Japanese rock musician (born 2000)

Yuto Miyazawa (宮澤佑門 Miyazawa Yūto, born 21 February 2000) is a Japanese rock musician.

==Biography==
Miyazawa was born on 21 February 2000, in Tokyo, and currently lives there with his parents. Miyazawa was named "The Youngest Professional Guitarist" by the Guinness World Records in August 2008.

Miyazawa has performed with numerous musicians including G. E. Smith, Les Paul, Galactic, Deep Banana Blackout and Ozzy Osbourne. He has appeared at Madison Square Garden, B. B. King's, Chris Noth and Rodeo Bar in New York City, and at the Gathering of the Vibes festival.

In May 2009, Miyazawa appeared on The Ellen DeGeneres Show, where he performed "Crazy Train" playing guitar and singing lead vocals. He named his musical idols as Ozzy Osbourne and Randy Rhoads, and showed his guitar to be an official Rhoads edition polka-dot Flying V. After the performance, Ozzy Osbourne came on stage to give words of encouragement and awarded him with a signed plaque of Osbourne and Rhoads performing at a concert. Miyazawa appeared on stage at BlizzCon 2009 with Osbourne to play "Crazy Train" as the first encore performance. In 2010, Miyazawa came back on The Ellen DeGeneres Show and played "Paranoid." He also played "Crazy Train" with Osbourne at Ozzfest 2010.
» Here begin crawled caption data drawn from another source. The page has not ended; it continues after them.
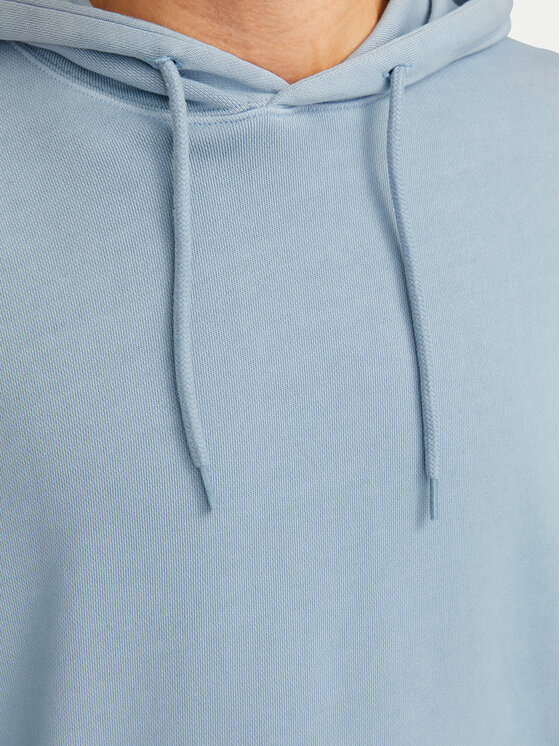Jack&Jones Jack&Jones Mikina Charge 12268272 Světle modrá Loose Fit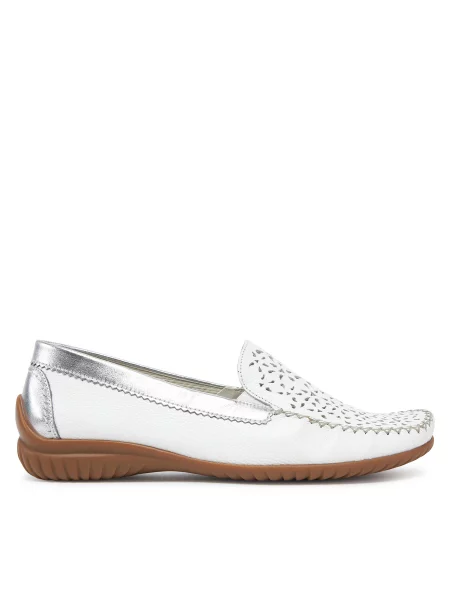 Мокасини Gabor білий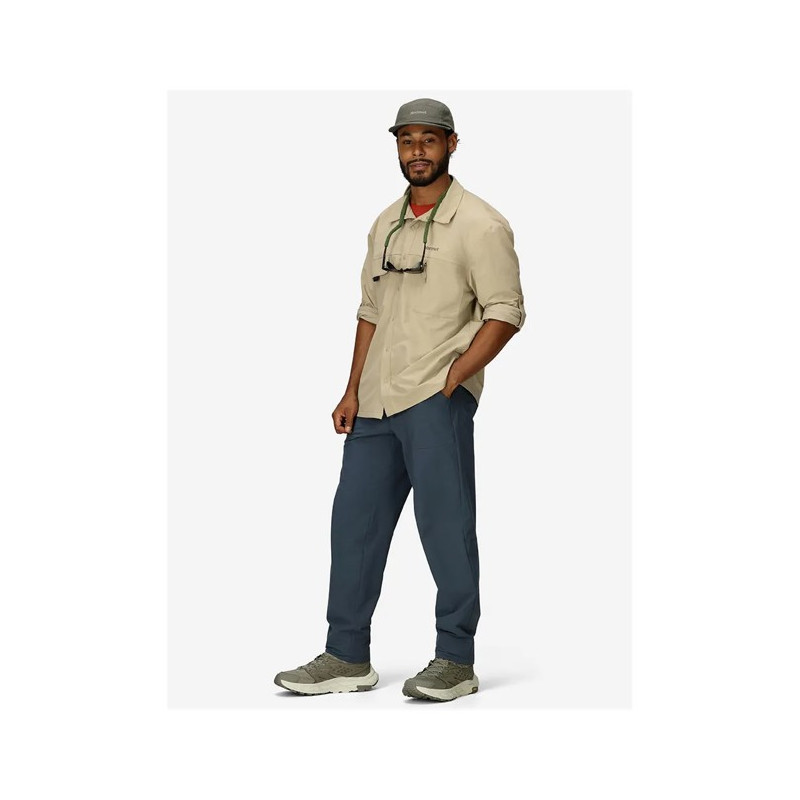 Srajca Marmot AIREXCHANGE SOLARSHIELD OVERSHIRT Chinch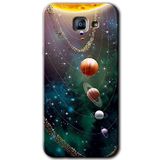 MRCİLETİSİM mrc171743 Cosmos Kılıf HD Desen Baskılı Arka Kapak Samsung Galaxy A8 2016 ile uyumlu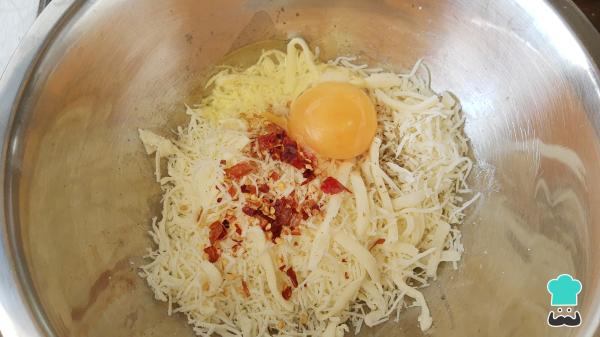 Recette de pop-corn au fromage - Étape 2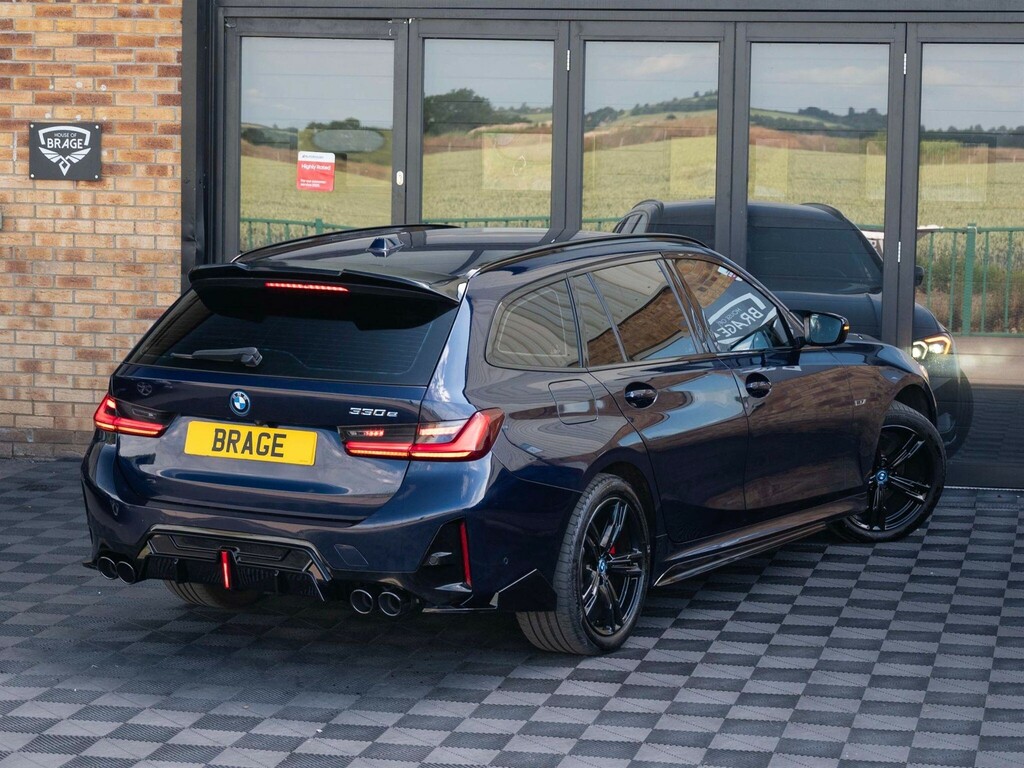 BMW 3 Series M340i Xdrive Mht Step White #95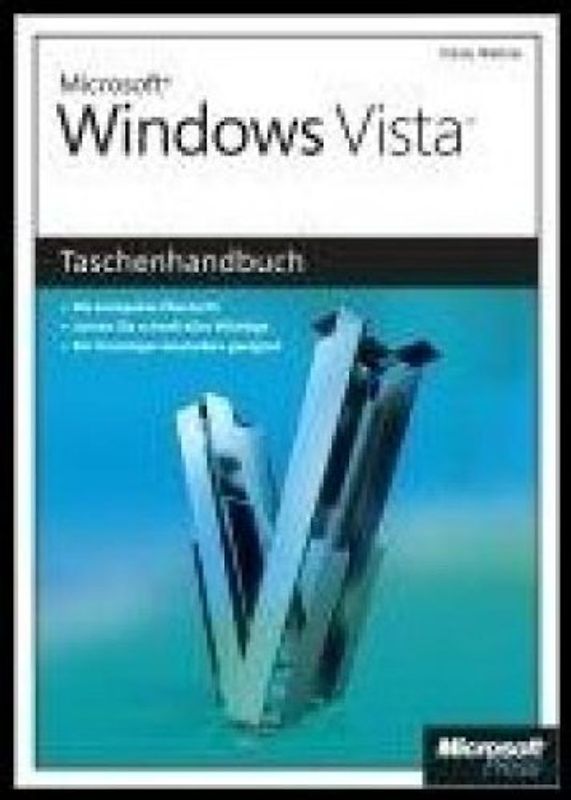 Microsoft Windows Vista - Das Taschenhandbuch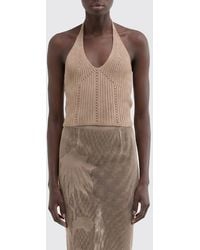 MACCAPANI - Mariah Cotton Top - Lyst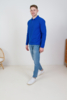 Рубашка мужская 04S (Синий) XL/52 (Изображение 6)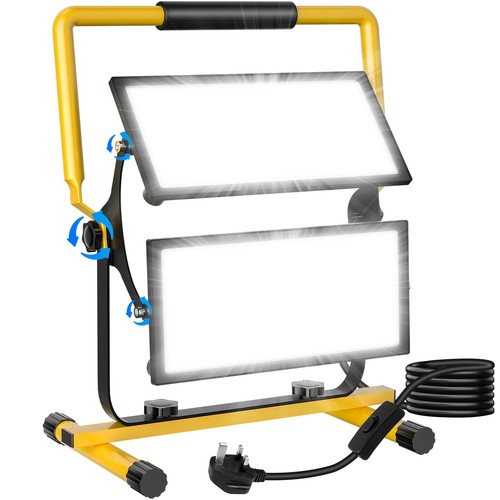 200w 20000lm led floodlight - 200w,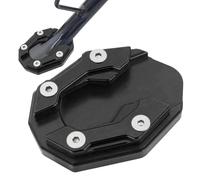 Soporte lateral de motocicleta - Placa de ampliación de aparcamiento resistente, bloque de extensión de equilibrio | Estabilizador de base plana para Dirt Bike Offroad Street Motorcycle Touring Trail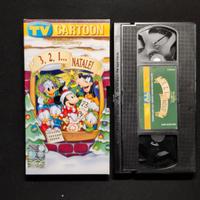 VHS Walt Disney 3, 2, 1... Natale!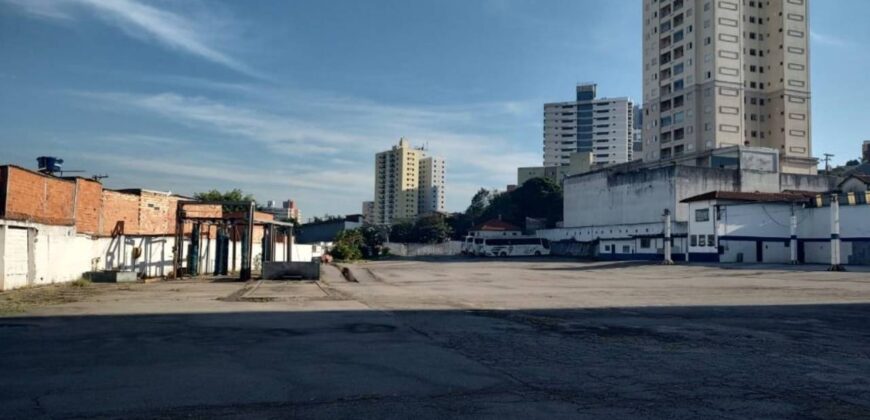 Aluga Terreno de 7027m² no Parque das Nações em Santo André/SP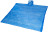 Одноразовый дождевик Mayan с чехлом для хранения из материалов, переработанных по стандарту GRS - Ярко-синий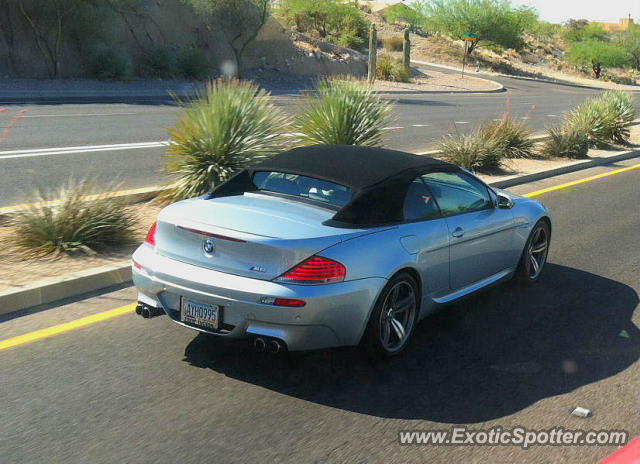 BMW M6 spotted in Tucson, Arizona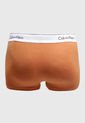Bóxer x3 Terracota-Naranja-Negro Calvin Klein de Calvin Klein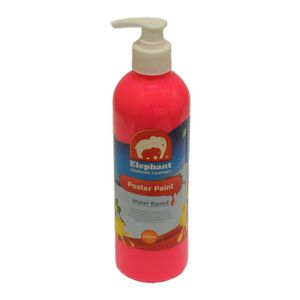 ELC Poster Paint Fluro Pink 500mL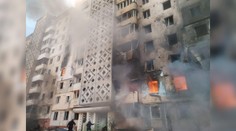 Po ruskom útoku na bytovky v ukrajinskom Ternopile hlásia už najmenej 25 obetí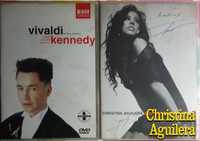 Dvd- Nigel Kenedy, Christina Aguilera, Robbie Williams, Tchaikovsky,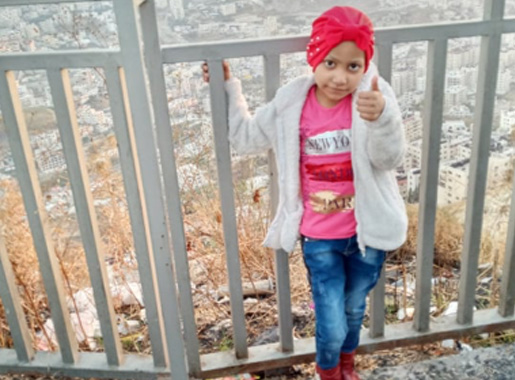 6-year-old Manal returns to the Gaza Strip after being unable to cross to Jordan for treatment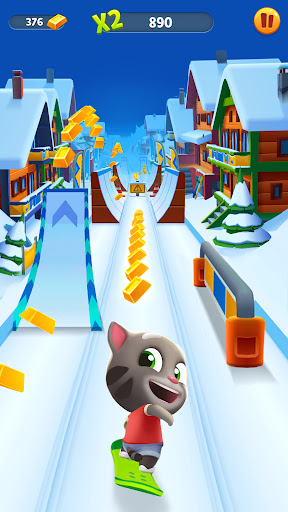 Talking Tom Gold Run screenshot 9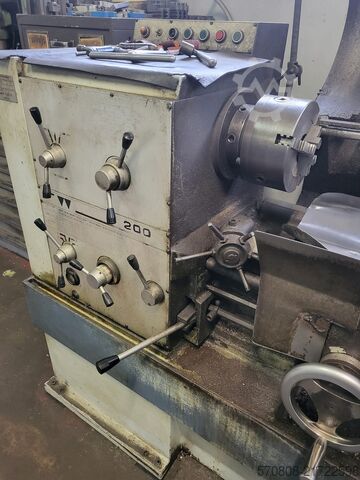 PADOVANI LABOR lathe 1000 x 200 mm Padovani LABOR 200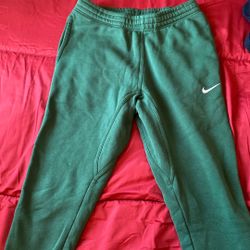 Nike Green Sweats 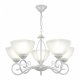Подвесная люстра Arte Milano Amalfi-0656 330656/5 WT+SL. 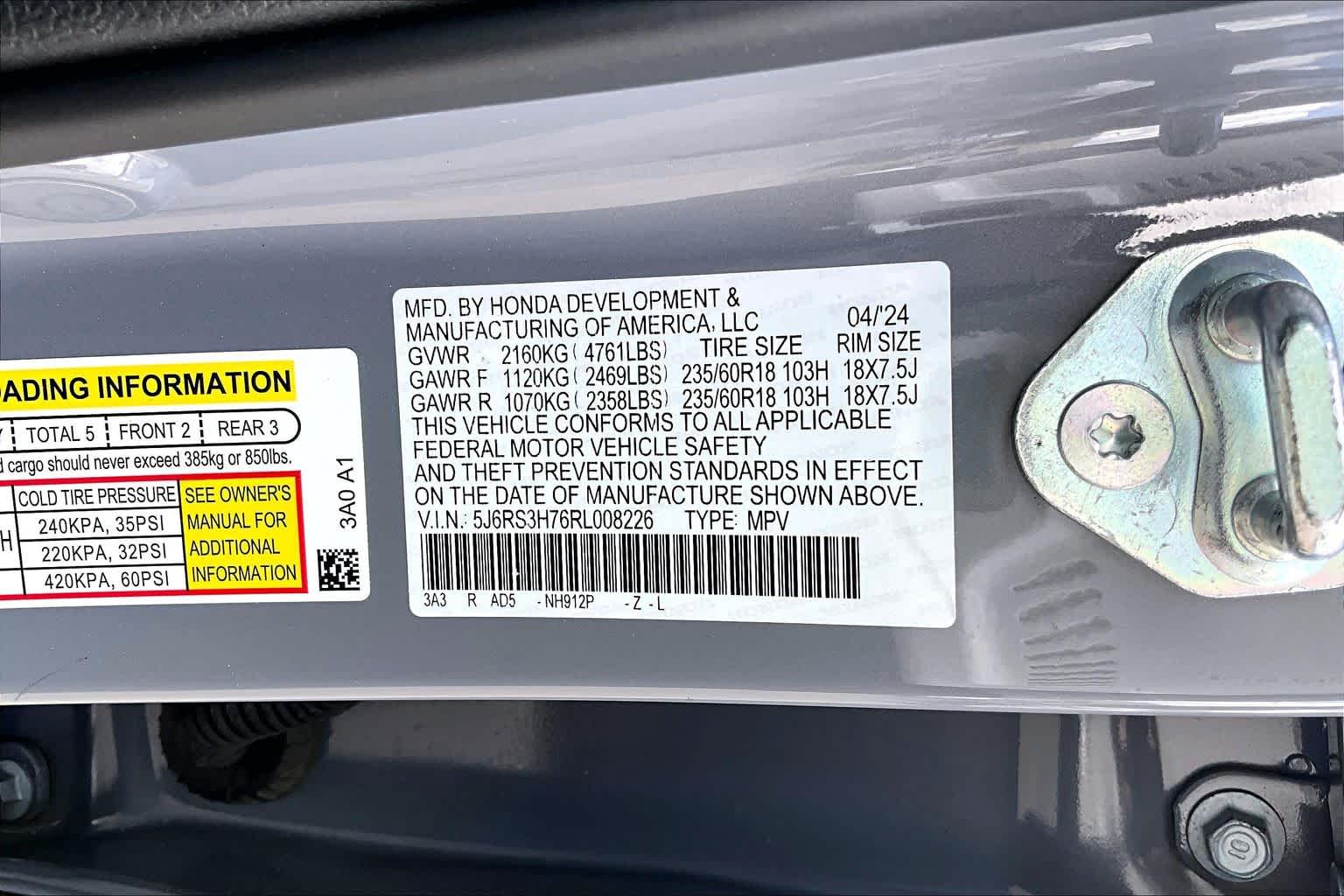 2024 Honda CR-V photo 34 of 34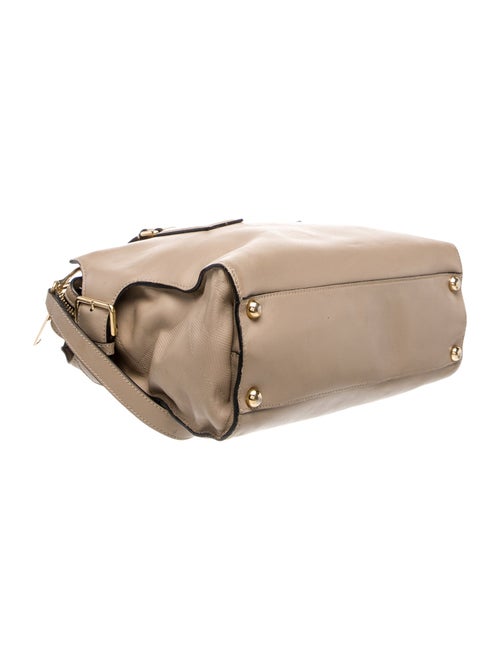 Burberry House Check Clifton Handle Bag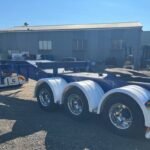 Ridelles Haulmark Tri/A B-Double de 7 m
In 2012, Miyazawa joined rock band, The Robotix, with other young musicians including Logan Robot Gladden, Angelina Baez, Brendan James, Jared Devino and Jon Casel.

From 2018 to 2022c Miyazawa attended Carleton College. There, he played for several student bands, most notably The Beans of Production, known for their rendition of “Dancing in the Moonlight.”